Short descriptive text snippets:
Start of Block

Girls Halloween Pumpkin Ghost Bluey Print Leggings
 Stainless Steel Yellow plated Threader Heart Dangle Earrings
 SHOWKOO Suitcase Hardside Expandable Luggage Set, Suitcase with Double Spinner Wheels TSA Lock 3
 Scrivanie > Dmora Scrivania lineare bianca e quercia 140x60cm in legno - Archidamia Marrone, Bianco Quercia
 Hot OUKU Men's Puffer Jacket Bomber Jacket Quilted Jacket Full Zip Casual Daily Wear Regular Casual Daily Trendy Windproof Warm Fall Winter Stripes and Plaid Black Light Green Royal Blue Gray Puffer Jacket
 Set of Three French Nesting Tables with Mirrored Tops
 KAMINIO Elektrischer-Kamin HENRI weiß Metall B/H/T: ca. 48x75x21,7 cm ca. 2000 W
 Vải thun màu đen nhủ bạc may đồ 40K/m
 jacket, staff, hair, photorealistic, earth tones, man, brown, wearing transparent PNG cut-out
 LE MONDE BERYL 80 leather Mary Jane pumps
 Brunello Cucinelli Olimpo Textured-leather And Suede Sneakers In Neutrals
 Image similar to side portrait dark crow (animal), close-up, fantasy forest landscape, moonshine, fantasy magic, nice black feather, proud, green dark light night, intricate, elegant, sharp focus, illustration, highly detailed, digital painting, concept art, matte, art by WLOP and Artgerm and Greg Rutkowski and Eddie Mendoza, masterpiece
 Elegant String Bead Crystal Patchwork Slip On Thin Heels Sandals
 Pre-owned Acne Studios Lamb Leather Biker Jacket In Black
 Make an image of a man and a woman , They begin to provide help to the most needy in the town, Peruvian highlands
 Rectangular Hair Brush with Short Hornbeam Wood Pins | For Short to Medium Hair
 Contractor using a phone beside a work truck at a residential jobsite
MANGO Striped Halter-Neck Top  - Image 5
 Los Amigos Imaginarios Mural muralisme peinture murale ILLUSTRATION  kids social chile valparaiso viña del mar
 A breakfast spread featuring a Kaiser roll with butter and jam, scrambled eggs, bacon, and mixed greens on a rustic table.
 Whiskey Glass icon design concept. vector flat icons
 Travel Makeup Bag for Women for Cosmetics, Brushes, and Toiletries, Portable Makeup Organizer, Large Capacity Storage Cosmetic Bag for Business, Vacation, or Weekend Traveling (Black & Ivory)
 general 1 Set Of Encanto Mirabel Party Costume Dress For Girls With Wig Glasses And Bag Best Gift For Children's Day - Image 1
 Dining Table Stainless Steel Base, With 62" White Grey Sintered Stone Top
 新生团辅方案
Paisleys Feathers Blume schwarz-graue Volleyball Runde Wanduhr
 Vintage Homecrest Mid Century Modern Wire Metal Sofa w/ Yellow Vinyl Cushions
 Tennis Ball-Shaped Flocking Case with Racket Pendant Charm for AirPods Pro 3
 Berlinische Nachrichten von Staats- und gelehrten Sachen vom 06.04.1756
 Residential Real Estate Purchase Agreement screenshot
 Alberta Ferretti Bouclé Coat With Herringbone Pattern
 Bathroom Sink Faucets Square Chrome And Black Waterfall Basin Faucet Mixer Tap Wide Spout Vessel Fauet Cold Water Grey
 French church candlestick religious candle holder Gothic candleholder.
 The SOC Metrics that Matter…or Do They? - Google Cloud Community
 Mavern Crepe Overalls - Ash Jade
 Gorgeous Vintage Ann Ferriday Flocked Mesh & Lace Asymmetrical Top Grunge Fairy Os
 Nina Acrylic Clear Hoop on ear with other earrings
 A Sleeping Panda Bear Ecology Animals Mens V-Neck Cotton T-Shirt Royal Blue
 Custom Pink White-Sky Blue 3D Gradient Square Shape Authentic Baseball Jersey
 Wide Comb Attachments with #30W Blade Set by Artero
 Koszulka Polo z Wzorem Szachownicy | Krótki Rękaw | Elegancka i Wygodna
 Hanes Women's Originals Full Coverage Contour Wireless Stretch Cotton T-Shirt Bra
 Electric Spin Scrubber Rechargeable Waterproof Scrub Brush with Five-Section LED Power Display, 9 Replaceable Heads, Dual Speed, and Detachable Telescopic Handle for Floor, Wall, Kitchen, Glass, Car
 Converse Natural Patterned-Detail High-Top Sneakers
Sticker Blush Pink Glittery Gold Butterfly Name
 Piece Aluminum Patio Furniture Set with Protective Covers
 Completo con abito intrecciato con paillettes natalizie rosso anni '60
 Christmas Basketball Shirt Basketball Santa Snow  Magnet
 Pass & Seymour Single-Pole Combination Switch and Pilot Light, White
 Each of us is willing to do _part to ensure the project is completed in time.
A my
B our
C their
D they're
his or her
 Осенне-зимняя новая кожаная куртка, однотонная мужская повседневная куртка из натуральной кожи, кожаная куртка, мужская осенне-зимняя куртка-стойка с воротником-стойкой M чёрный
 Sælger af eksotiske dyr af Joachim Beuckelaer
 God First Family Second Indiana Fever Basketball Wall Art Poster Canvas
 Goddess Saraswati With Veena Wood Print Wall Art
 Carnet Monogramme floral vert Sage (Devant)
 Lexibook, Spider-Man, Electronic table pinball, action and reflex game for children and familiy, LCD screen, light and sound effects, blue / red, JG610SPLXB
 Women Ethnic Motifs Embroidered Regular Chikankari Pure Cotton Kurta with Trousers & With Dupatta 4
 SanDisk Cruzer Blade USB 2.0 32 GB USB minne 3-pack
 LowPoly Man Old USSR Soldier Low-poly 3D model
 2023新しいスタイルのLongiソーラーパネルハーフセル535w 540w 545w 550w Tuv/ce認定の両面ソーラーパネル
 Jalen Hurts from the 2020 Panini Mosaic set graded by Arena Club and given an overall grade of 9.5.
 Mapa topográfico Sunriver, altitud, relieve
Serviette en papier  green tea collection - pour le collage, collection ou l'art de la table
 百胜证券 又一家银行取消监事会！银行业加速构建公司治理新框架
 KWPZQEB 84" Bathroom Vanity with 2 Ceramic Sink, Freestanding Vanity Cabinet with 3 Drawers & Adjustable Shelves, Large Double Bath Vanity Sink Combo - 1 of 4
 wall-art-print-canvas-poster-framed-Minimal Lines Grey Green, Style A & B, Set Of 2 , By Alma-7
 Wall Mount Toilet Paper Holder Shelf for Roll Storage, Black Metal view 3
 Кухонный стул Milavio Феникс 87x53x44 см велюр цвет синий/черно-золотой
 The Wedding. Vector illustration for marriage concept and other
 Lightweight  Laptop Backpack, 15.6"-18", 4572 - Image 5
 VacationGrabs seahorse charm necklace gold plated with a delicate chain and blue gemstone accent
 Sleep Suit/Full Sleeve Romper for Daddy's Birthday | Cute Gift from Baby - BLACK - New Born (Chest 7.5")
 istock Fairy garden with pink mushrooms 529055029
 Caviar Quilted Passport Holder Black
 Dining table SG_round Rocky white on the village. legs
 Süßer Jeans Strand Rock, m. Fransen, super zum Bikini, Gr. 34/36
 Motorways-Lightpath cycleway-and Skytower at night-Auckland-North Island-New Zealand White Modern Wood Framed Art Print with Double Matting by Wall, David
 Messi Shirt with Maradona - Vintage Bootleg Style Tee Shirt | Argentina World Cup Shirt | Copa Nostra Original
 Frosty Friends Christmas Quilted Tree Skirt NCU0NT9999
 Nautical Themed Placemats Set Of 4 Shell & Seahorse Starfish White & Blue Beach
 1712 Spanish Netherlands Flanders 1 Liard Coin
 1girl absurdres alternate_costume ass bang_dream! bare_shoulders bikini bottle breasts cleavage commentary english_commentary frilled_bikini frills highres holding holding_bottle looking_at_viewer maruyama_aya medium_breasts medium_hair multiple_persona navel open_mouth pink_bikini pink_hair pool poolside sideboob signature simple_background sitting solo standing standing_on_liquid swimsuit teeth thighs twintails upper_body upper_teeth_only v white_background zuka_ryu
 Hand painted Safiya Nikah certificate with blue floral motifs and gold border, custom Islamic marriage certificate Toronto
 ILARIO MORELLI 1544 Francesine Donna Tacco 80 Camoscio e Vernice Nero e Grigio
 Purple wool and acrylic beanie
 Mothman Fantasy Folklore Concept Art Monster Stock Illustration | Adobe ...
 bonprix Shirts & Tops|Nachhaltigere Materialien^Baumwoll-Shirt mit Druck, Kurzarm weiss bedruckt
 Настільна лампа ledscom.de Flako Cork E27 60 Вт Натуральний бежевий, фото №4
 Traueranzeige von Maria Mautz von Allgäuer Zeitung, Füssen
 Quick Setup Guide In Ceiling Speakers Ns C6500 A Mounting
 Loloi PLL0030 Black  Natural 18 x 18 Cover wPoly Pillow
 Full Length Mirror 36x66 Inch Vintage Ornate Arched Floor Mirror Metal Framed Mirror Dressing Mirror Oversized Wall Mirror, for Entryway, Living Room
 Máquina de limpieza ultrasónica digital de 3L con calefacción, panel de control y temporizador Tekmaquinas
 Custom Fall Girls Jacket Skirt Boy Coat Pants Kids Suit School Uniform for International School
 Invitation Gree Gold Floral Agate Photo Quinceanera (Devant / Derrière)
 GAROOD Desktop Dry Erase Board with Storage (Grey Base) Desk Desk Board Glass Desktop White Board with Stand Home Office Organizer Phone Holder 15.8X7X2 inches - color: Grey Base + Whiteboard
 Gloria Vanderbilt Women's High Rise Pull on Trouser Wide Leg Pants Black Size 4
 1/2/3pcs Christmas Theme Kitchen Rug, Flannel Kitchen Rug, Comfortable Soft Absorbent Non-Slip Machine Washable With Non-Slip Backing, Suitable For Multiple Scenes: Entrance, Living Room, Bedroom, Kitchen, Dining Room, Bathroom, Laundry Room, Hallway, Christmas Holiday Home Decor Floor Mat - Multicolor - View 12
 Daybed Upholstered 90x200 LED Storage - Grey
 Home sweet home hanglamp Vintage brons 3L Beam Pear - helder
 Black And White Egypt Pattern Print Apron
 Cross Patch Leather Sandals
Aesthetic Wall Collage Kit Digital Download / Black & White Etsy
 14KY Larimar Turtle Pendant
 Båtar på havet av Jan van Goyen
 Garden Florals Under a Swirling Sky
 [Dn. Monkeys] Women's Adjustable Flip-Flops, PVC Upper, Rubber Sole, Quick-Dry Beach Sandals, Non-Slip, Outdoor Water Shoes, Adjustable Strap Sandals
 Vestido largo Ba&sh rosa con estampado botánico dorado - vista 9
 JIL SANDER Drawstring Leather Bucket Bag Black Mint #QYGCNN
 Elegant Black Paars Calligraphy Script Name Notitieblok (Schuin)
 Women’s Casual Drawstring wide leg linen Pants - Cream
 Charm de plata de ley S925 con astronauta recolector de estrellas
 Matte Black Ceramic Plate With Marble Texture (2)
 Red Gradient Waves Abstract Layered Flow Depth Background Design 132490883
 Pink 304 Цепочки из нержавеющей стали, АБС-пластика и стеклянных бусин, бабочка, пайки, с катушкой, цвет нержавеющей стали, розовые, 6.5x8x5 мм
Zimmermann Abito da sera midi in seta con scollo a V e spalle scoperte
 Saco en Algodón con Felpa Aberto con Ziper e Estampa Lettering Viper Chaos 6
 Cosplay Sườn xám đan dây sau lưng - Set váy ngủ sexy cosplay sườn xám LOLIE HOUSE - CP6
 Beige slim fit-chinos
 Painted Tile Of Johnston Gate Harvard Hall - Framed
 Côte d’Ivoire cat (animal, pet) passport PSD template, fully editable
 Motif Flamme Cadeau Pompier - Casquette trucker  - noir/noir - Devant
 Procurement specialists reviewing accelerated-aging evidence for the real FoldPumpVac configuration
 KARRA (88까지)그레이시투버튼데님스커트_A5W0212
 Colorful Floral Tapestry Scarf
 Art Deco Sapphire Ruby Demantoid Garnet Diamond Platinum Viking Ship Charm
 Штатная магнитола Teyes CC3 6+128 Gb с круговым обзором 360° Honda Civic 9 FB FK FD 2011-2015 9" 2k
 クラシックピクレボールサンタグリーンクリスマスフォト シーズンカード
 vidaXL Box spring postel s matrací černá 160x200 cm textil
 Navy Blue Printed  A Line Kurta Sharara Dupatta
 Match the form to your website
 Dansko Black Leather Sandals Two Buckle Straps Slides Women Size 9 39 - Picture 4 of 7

End of Block

Set down, exactly as written, each line of the data from its opening line through the one containing "Scrivanie > Dmora". Output nothing more.

Written answer:
Girls Halloween Pumpkin Ghost Bluey Print Leggings
 Stainless Steel Yellow plated Threader Heart Dangle Earrings
 SHOWKOO Suitcase Hardside Expandable Luggage Set, Suitcase with Double Spinner Wheels TSA Lock 3
 Scrivanie > Dmora Scrivania lineare bianca e quercia 140x60cm in legno - Archidamia Marrone, Bianco Quercia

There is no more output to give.